07 June 2016

A walk in the countryside near Lichfield
to the site of an old Benedictine priory

Setting out on a morning walk along Cross in Hand Lane, on the edges of Lichfield (Photograph: Patrick Comerford, 2016)

Patrick Comerford

My treks through the English countryside continued yesterday morning [6 June 2016], with a good brisk walk along Cross in Hand Lane, which starts at the back of the Hedgehog Vintage Inn, where I was staying for the weekend.

This is one of my favourite walks in the area around Lichfield, and it marks the beginning – or the end – of the pilgrim route between the shrine of Saint Chad in Lichfield and the shrine of Saint Werburgh in Chester Cathedral.

Little has been altered in the landscape along this pilgrim route for centuries (Photograph: Patrick Comerford, 2016)

Today, this pilgrim route is marked out as the Two Saints’ Way. And little has change has taken place in the landscape along this route since mediaeval times. The road twists and turns, rises and falls, with countryside that has changed little over the centuries.

On Monday morning, the fields were green and golden under the clear blue skies of summer. There are horses in paddocks here, or cows there, and most of the land is arable or being used for grazing.

The window cleaner at one cottage called out a cherry morning greeting, and there was a warm hello from one farmer in his farmyard. The occasional car or van passed by slowing down to acknowledge my presence on the narrow lane, I met one other walker and two cyclists. All offered a cherry greeting or an acknowledgment, and twice, complete strangers offered a lift. Otherwise, the only sounds were birdsong, the humming of the English countryside, and a babbling brook.

Although farming patterns have changed in the last 30 years or so, these fields may not have changed in shape or altered in their use for centuries, and even the names on new-built houses can reflect names that date back to a period in the 12th to 14th century.

A distant glimpse of the towers of Rugeley Power Station (Photograph: Patrick Comerford, 2016)

Apart from the occasional passing car or van, one other walker and two cyclists, the only hints of modernity are the overhead pylons, the smoking towers of the power station in Rugeley that can be glimpsed in the distance, and the odd tiny shard of glass here and there where a wing mirror must have been brushed as two cars tried to pass each other on the rutted laneway.

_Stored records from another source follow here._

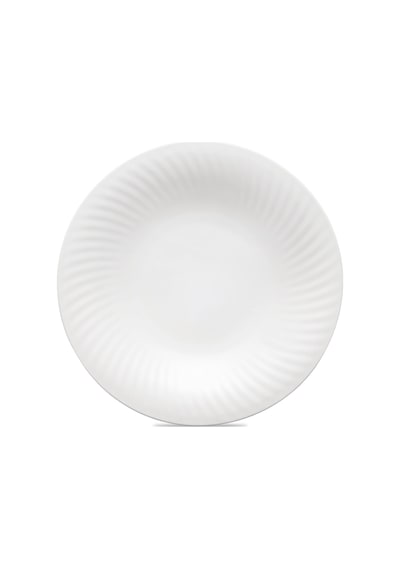 Jumbo New Claro 29 Parça 6 Kişilik Yemek Takımı Beyaz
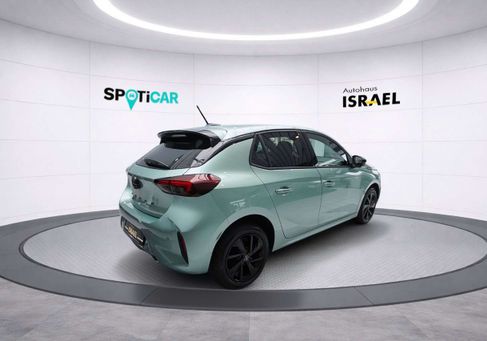 Opel Corsa, 2025 3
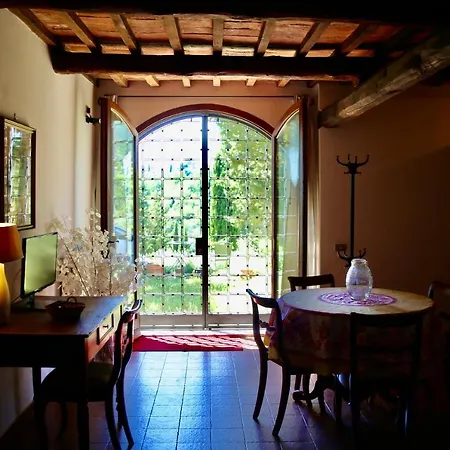 Apartment Santa Maddalena *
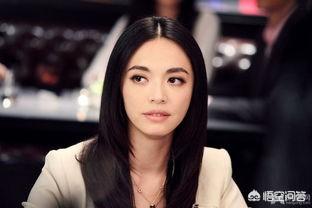 蒋雯丽侄女:你个人认为哪个女明星最有魅力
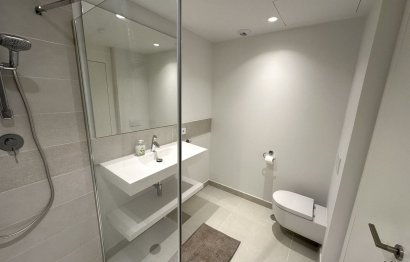 Resale - Ground floor apartment - Fuengirola - Fuengirola Centro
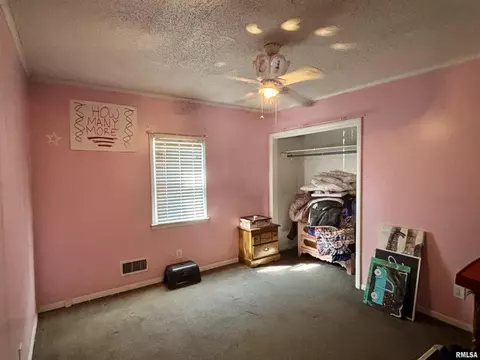 Bedroom - 2803 S Pasfield St, Springfield, IL 62704 photo 3 of 3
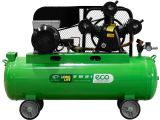 Air compressor ECO AE-1003-B70 belt drive
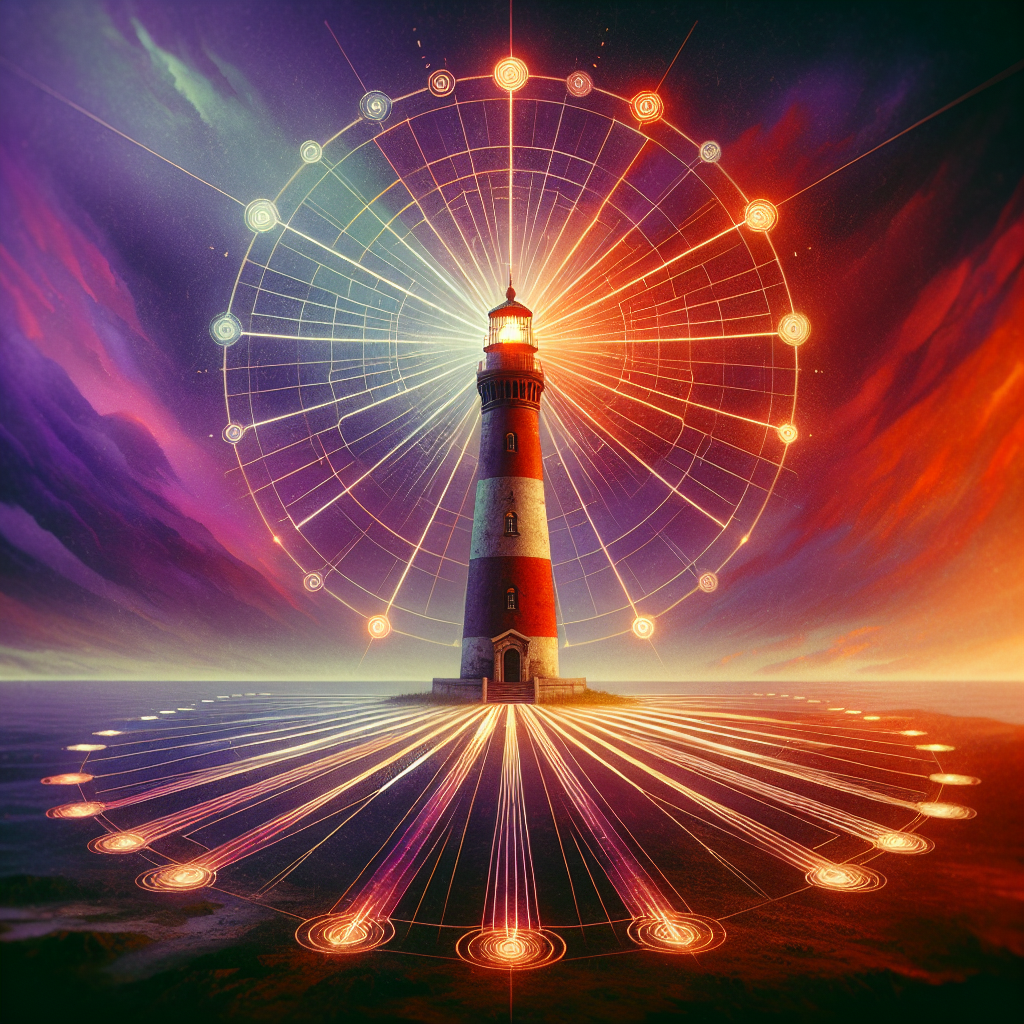Guiding Lights: The Science and Soul of Lighthousekeeping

Often as priests, we think we should be filling the silent spaces in time with intense prayers and thoughts about sermons and services that need preparation. But sometimes we need to just let go and empty our minds, or thoughts – even our prayers. We take everything else to be recycled as we clear out spaces in our houses, our offices and our studies. But we seldom give time to clearing out the clutter in our inner spiritual spaces, allowing them to benefit from recycling.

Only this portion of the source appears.